**Problem statement**
Only the lines below from the one containing "Occhiale da Vista" through the one containing "CELINE 3 DOTS" belong in the answer, repeated exactly and without pictures.

---------------

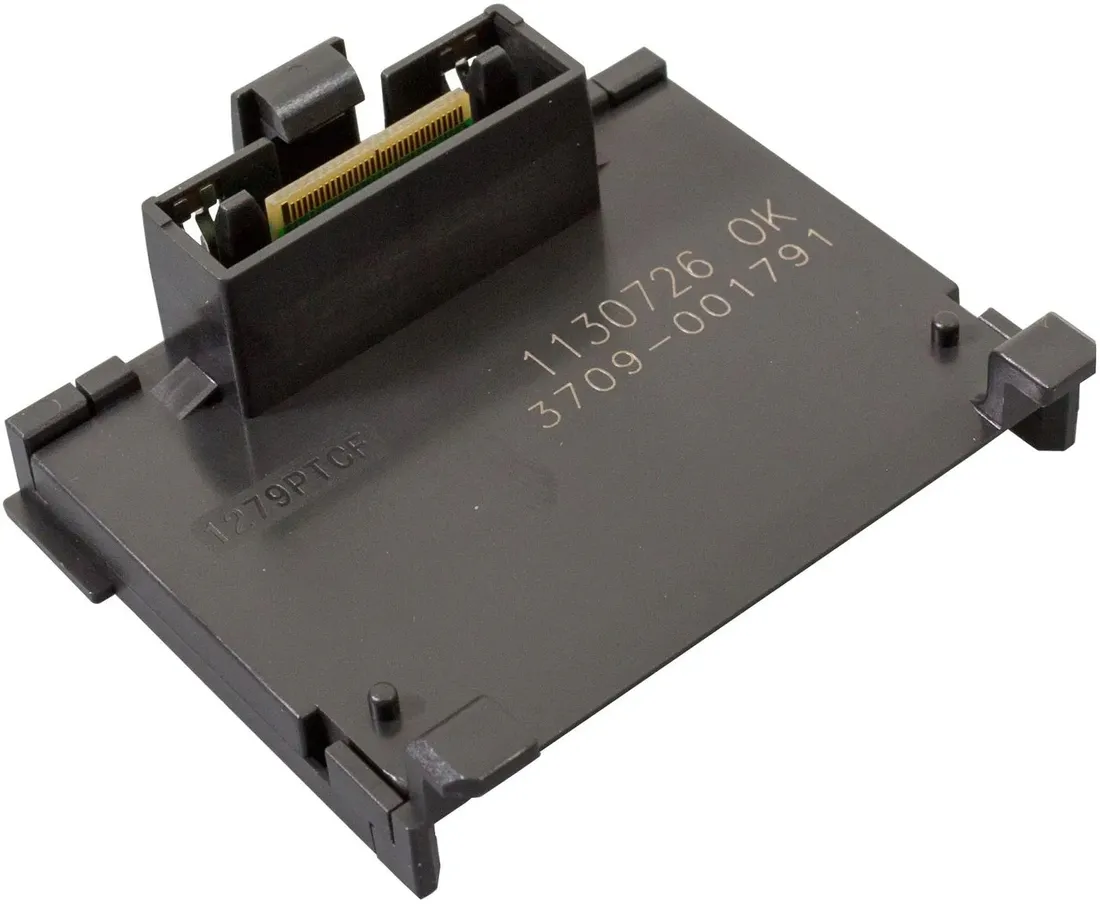samsung-tv-ci-adapter-card-connector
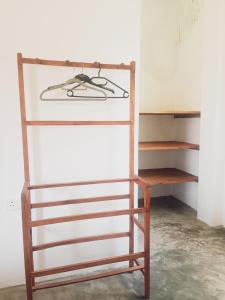 Φωτογραφία από το άλμπουμ του Acmi Villa σε Hikkaduwa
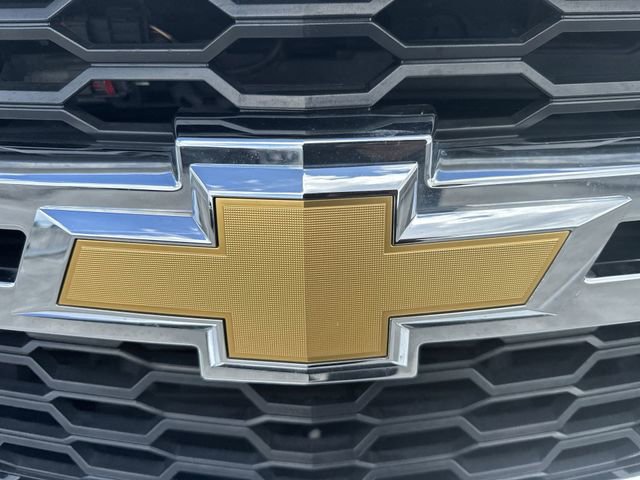 Used 2019 Chevrolet Tahoe LS image 10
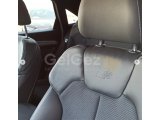2022 Model Otomatik Audi Q5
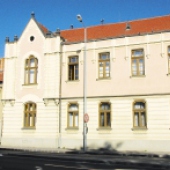 MESTO DUNAJSKÁ STREDA: -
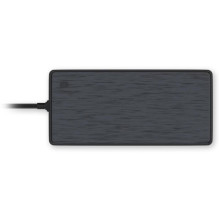 Maitinimo šaltinis nešiojamam kompiuteriui Teltonika EU 2-pin, 250W Maitinimo šaltinis nešiojamam kompiuteriui Teltonika EU 2-pin, 250W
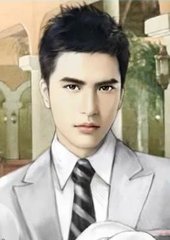 女贵人石涛俞雪娇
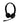 Sennheiser SDW 5064 (507012) - Double-Sided (Binaural) Wireless DECT Headset for Softphone/PC & Mobile Phone Connection Dual Microphone Ultra Noise Cancelling, Black_62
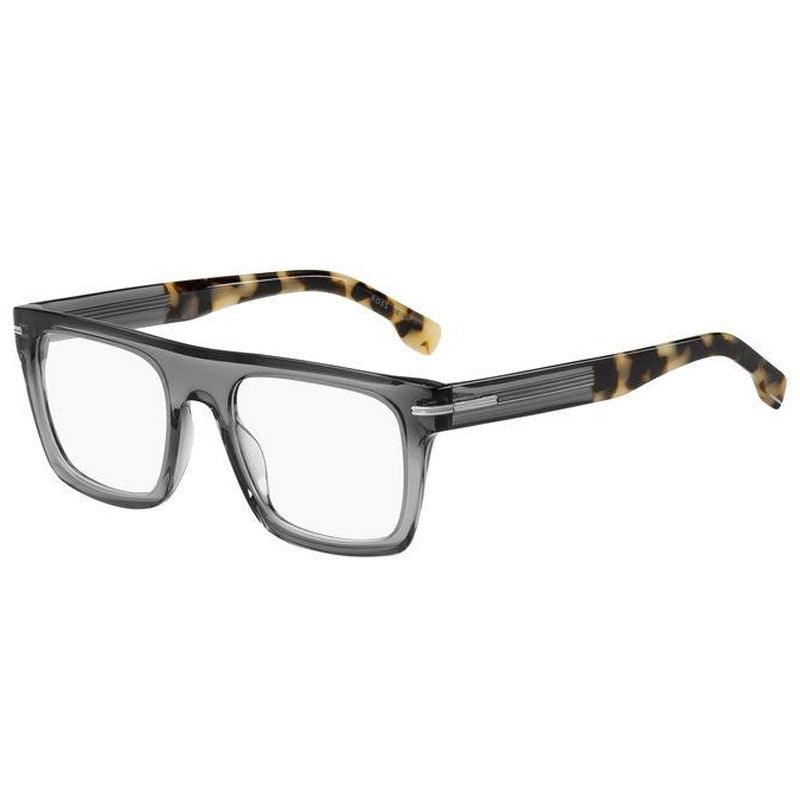 Occhiale da Vista Hugo Boss, Modello: Boss1597 Colore: ACI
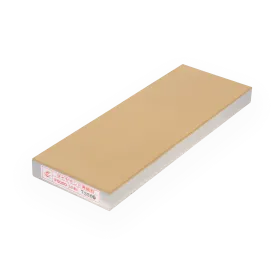 Naniwa Diamond Whetstone - #6000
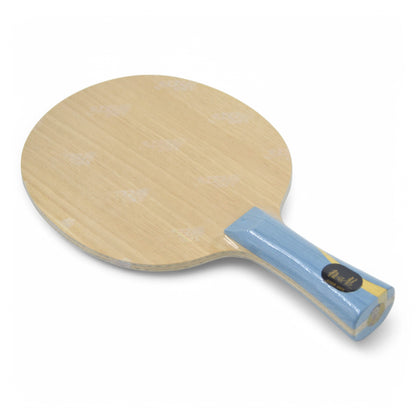 DHS Ma Long W968 - Numéro 7 Année 2019 (Édition Nationale-Officielle)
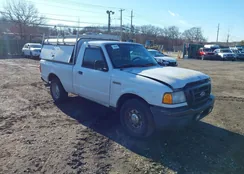 1FTYR10D95PA51853: 43945528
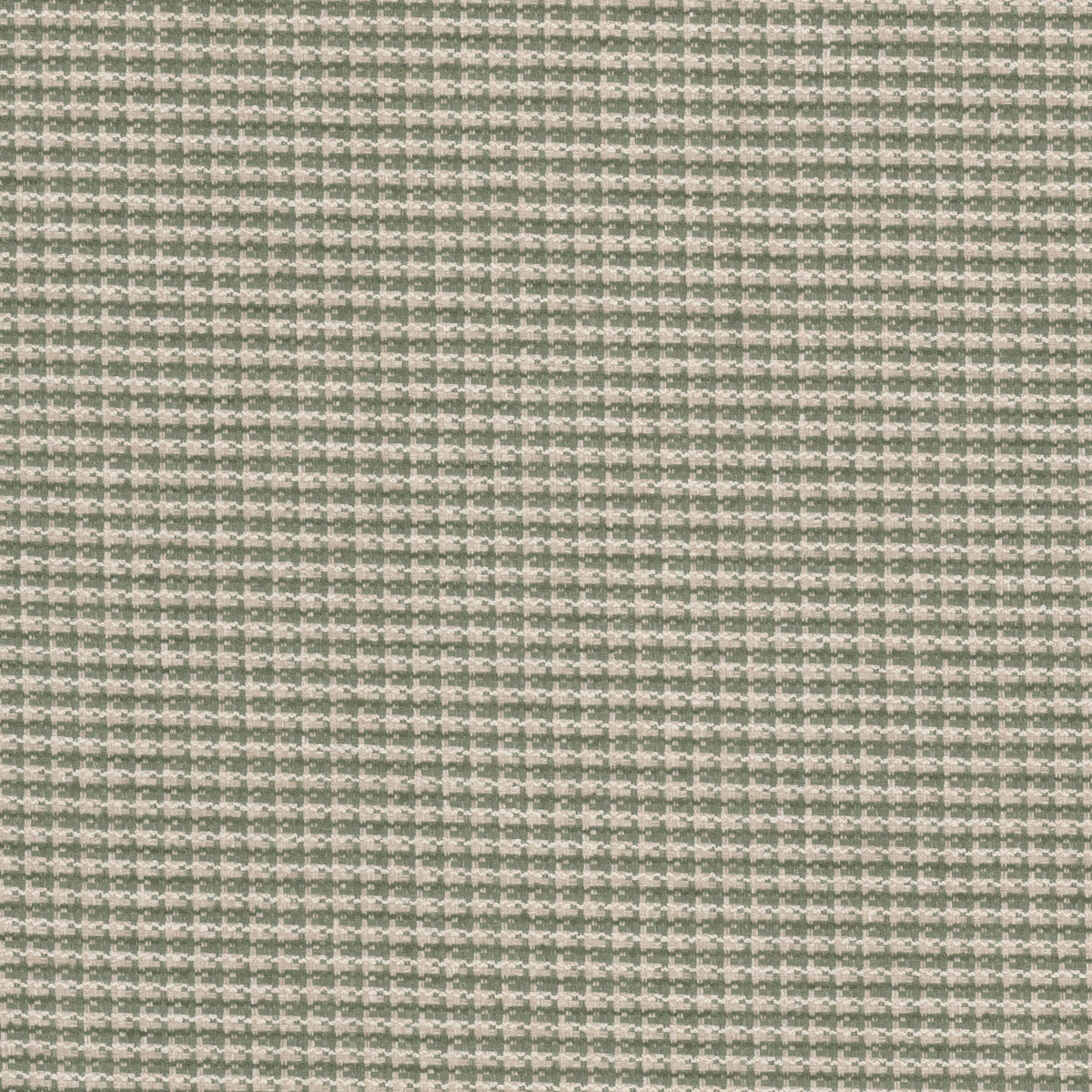 STOUT TEXTILES  UPHOLSTERY,WOVENS TRANSITIONAL,, STRIPE SEAFOAM,SEAMIST   - LIMA-1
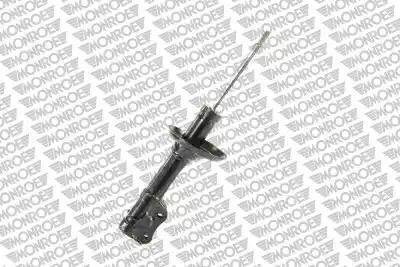 Delphi DG3944 - Ammortizzatore www.autoricambi360.it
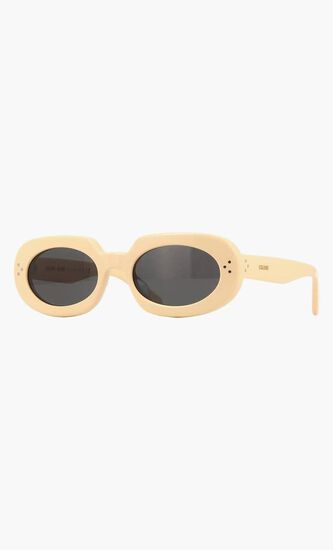 CELINE 3 DOTS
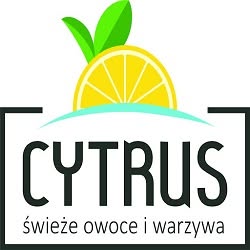 Cytrus. S.j. Hurtownia Owoców i Warzyw, Biłgoraj godziny otwarcia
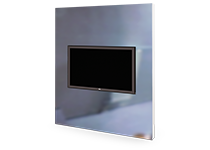 آینه-دیواری-رز-تیپ-4569-44 -  - https://mohitara.com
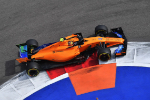 Stoffel Vandoorne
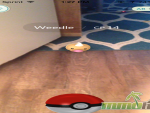 pokemon-go-weedle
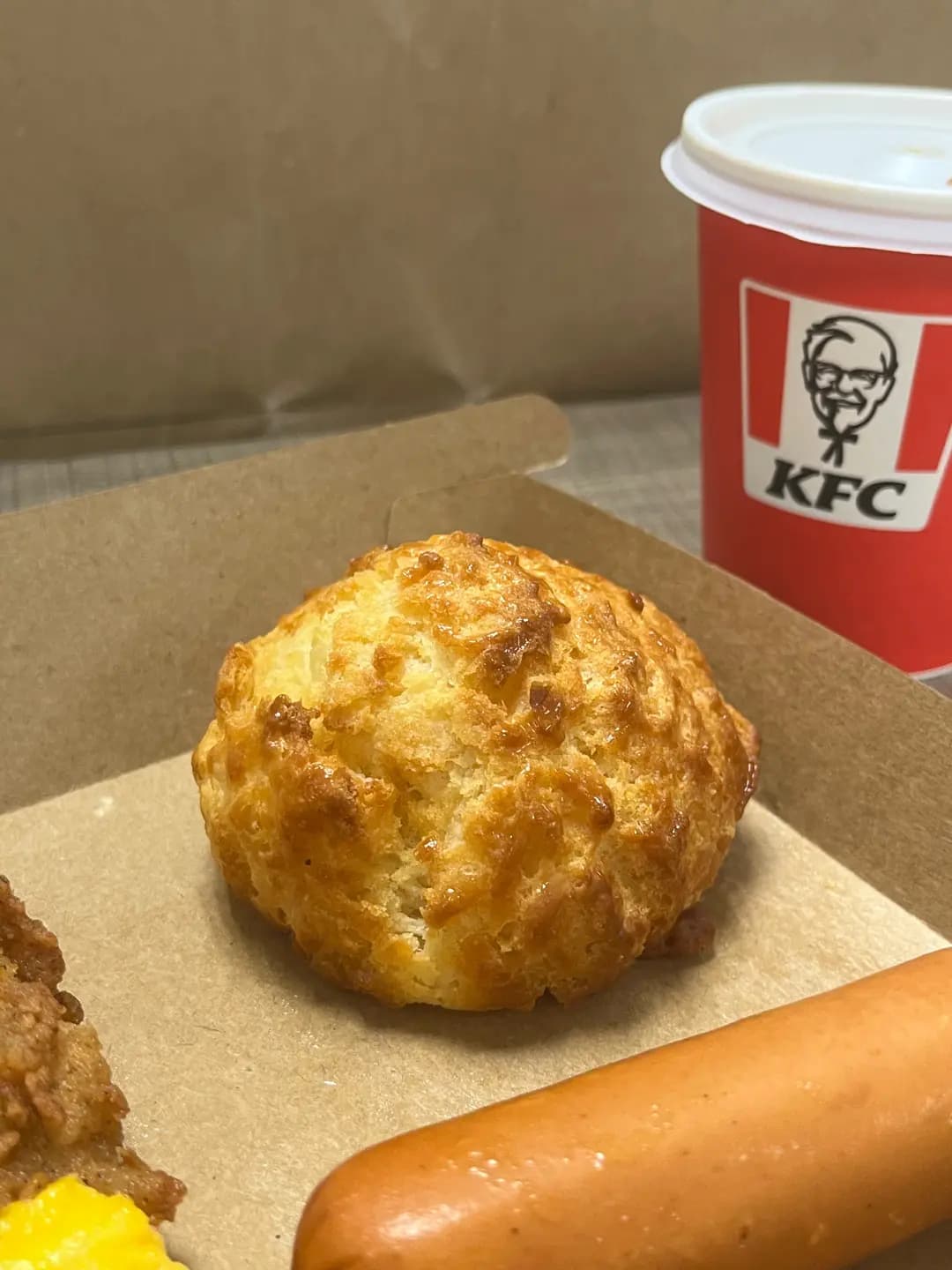 肯德基家鄉雞 (KFC) photo 1
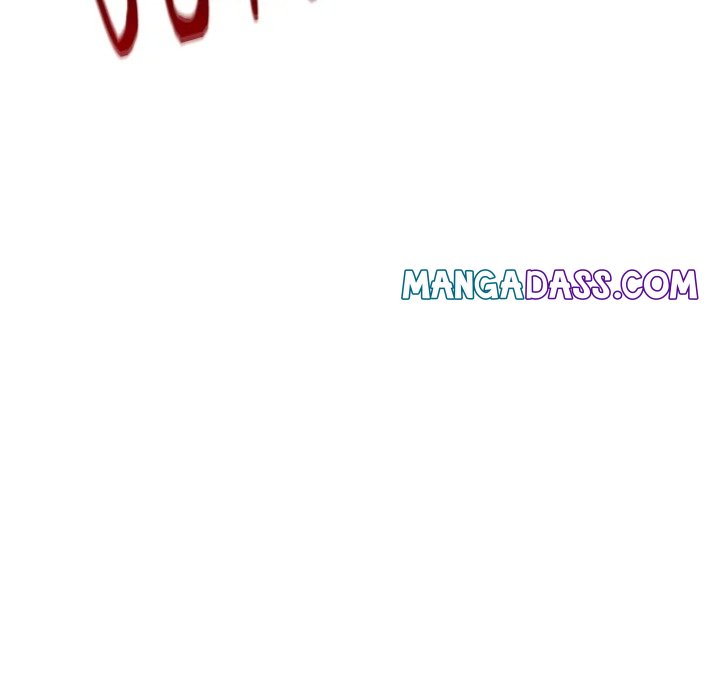 Runaway Wife - Chapter 52 Page 95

---------------

**Answer to this problem**
 Occhiale da Vista Hugo Boss, Modello: Boss1597 Colore: ACI
 Naniwa Diamond Whetstone - #6000
 DHS Ma Long W968 - Numéro 7 Année 2019 (Édition Nationale-Officielle)
 1FTYR10D95PA51853: 43945528
 STOUT TEXTILES  UPHOLSTERY,WOVENS TRANSITIONAL,, STRIPE SEAFOAM,SEAMIST   - LIMA-1
 Delphi DG3944 - Ammortizzatore www.autoricambi360.it
 CELINE 3 DOTS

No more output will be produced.